2 марта 1938. Среда
Из-за глупого Нинкиного письма, в котором она пишет, что ее «тронула моя некоторая откровенность», и хоть Юрий ухитрился истолковать по-своему (ей-Богу, не помню, что я ей писала), и произошел у нас вчера в постели тот мучительный разговор, который опять вернул меня в далекое прошлое. Может быть, Юрий и прав, что мое чувство оказалось много глубже и серьезнее, чем я сама это предполагала. Во всяком случае, никакого «холодного презрения и гадливости» у меня к нему нет.
— Я не знаю, что ты думаешь, но думаешь ты об этом человеке часто. Он для тебя не умер, он для тебя все еще существует. Об этом говорят твои стихи. Это все понятно. Я тебя ни в чем не смогу упрекнуть. Не думай, что я ревную, совсем нет, но мне просто бывает это очень грустно. Бели я ошибаюсь, прости меня.
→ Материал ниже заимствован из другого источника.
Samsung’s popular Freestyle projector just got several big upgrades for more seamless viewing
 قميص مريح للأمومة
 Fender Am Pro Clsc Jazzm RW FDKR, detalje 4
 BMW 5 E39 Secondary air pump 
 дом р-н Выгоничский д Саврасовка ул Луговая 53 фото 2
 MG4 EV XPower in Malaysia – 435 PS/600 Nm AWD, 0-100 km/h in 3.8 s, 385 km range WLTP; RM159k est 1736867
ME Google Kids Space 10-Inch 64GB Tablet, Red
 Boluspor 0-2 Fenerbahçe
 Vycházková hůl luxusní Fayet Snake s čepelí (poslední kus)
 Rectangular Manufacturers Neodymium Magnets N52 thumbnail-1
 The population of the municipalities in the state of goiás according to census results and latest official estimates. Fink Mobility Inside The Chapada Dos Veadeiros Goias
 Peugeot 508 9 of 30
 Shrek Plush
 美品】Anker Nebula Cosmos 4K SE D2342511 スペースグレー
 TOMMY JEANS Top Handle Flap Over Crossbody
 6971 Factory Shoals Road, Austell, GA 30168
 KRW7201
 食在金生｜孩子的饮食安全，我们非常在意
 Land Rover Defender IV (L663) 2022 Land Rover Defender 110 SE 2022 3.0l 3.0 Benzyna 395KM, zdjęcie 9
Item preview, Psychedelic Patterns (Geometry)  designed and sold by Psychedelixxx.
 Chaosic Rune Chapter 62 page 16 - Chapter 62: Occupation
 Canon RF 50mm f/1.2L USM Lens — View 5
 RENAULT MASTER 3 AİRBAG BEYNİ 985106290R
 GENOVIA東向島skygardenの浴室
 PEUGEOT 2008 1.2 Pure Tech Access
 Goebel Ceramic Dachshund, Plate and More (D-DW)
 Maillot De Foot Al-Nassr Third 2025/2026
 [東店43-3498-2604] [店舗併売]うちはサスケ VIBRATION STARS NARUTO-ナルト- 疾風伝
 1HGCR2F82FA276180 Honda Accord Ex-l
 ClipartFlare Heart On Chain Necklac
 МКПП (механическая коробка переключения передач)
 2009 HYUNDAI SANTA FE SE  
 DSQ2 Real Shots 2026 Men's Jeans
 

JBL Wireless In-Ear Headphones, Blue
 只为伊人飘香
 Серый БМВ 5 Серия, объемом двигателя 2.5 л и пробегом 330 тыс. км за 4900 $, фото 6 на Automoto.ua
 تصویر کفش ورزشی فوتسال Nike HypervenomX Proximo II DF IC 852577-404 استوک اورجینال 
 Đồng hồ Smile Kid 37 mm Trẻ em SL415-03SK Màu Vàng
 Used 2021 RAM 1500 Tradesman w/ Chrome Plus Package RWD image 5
Ему очень хочется, чтобы я уверила его, что он ошибается. А я молчала. Не буду же я его обманывать! Не так уже много из того, что он говорил, я могла бы опровергнуть. Так мы и лежали молча, одинокие, отчужденные, и если не очень, то все-таки несчастные.
Неужели же навсегда эта тень (теперь уже только тень, ни в чем больше не виноватая) легла между нами? Навсегда над нашим счастьем и любовью будет стоять он — живой или мертвый?